Güncelleme Tarihi:
Clinton'ın görevde olduğu süre boyunca resmi yazışmalarında özel e-posta adresini kullandığının ortaya çıkması ile başlayan tartışma neticesinde Washington’daki federal yargıç; ABD Dışişleri Bakanlığı’nın, 55 bin sayfalık e-posta yazışmalarını 30 Haziran'dan başlayarak gruplar halinde her 30 günde bir kamuoyuna açıklaması gerektiğine hükmetmişti.
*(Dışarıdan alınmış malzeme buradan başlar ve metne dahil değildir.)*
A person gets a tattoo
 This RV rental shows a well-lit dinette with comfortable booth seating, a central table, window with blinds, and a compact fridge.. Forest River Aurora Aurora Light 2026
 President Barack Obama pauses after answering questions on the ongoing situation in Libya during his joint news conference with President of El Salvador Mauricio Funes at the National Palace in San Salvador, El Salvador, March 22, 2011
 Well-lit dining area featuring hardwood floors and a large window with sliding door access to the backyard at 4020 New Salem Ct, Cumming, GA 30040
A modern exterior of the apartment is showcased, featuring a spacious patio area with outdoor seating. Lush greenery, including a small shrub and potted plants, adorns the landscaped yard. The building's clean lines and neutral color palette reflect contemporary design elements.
ABD’de önümüzdeki sene yapılacak başkanlık seçimleri öncesi Demokrat Parti’nin en güçlü adayı Clinton'ın, 2012’de ABD Büyükelçisi’nin de öldürüldüğü Bingazi Olayı’yla ilgili o dönem kullandığı kişisel e-posta adresindeki resmi yazışmalar mahkeme kararıyla Mayıs ayında kamuoyuna açıklanmıştı.
Anadolu Ajansı'nın haberine göre, daha çok yabancı liderle telefon görüşmeleri de dahil bakanlığın günlük rutin aktivilerine dair yazışmaları yer aldığı e-postalarda bazı ilginç ayrıntılar dikkati çekiyor.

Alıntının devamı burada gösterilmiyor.